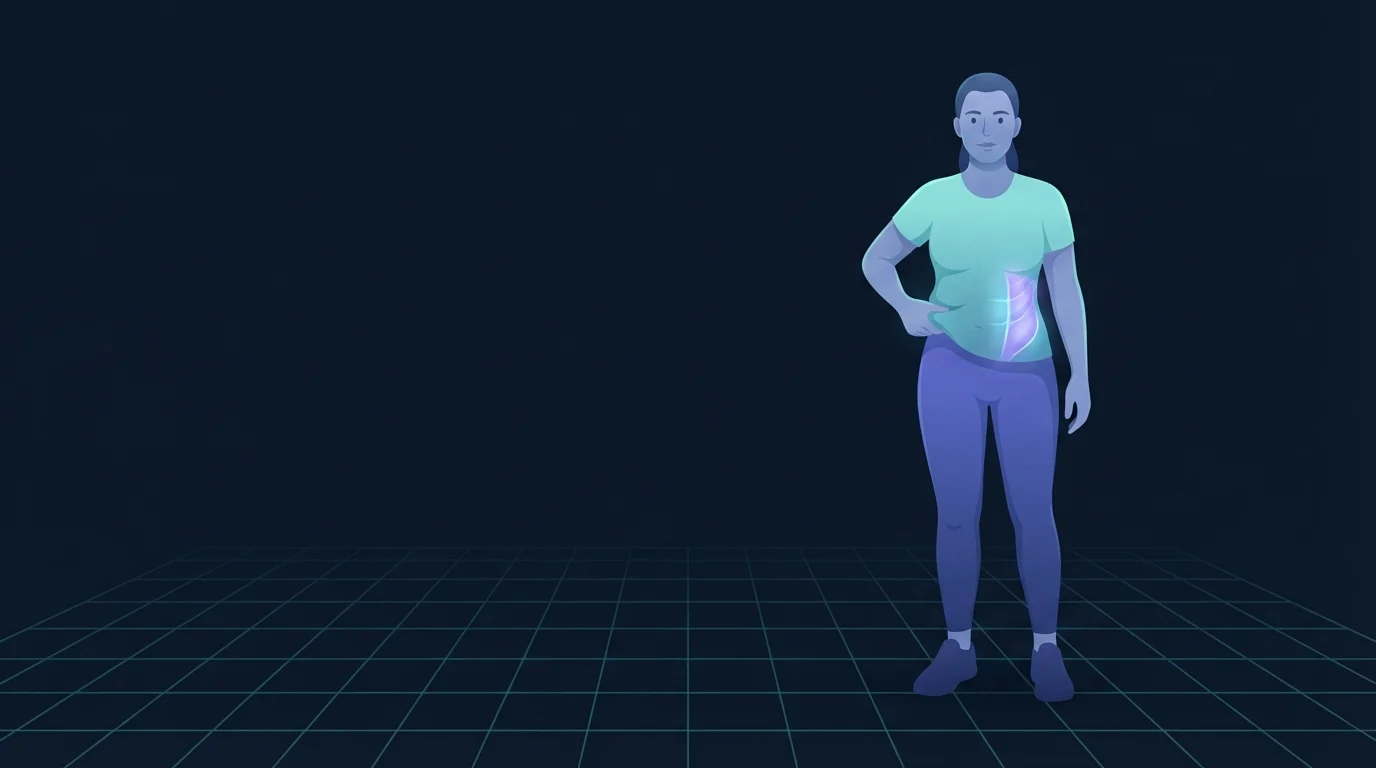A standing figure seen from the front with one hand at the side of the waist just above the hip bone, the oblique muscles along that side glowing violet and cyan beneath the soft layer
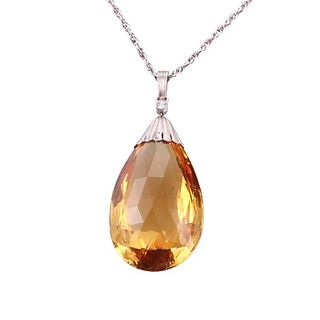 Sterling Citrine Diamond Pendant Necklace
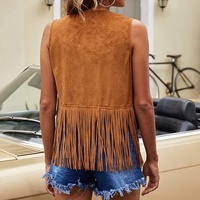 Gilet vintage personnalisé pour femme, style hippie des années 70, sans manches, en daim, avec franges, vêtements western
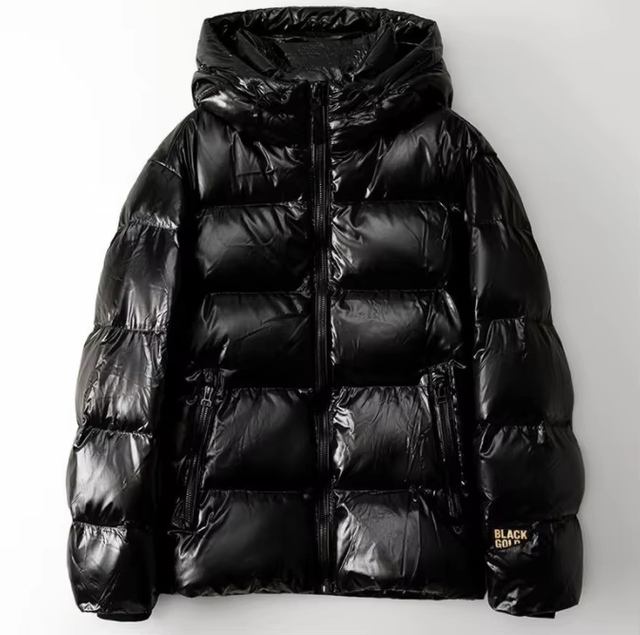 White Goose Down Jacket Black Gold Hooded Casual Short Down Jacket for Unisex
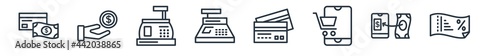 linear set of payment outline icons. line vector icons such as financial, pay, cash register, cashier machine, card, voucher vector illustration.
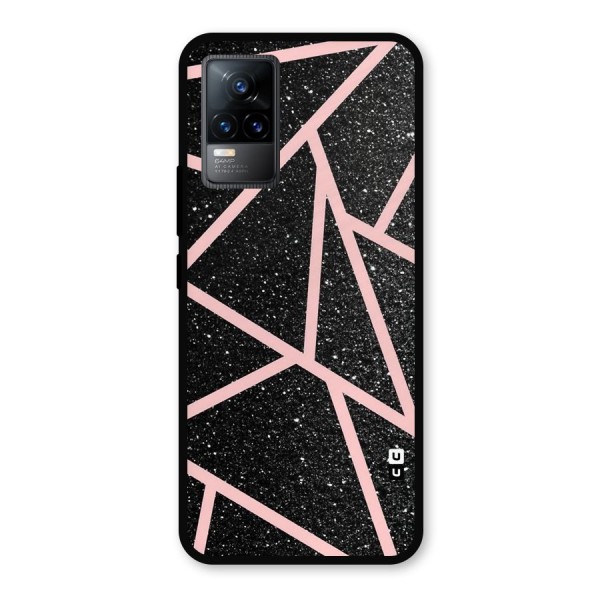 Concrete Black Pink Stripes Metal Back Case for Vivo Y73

◆ WORK TO BE COMPLETED:
Only the lines from the one that contains "linear set of" through the last line of the records may appear in the answer, retyped exactly and with no pictures.

◆ SOLUTION TO THIS TASK:
 linear set of payment outline icons. line vector icons such as financial, pay, cash register, cashier machine, card, voucher vector illustration.
 Concrete Black Pink Stripes Metal Back Case for Vivo Y73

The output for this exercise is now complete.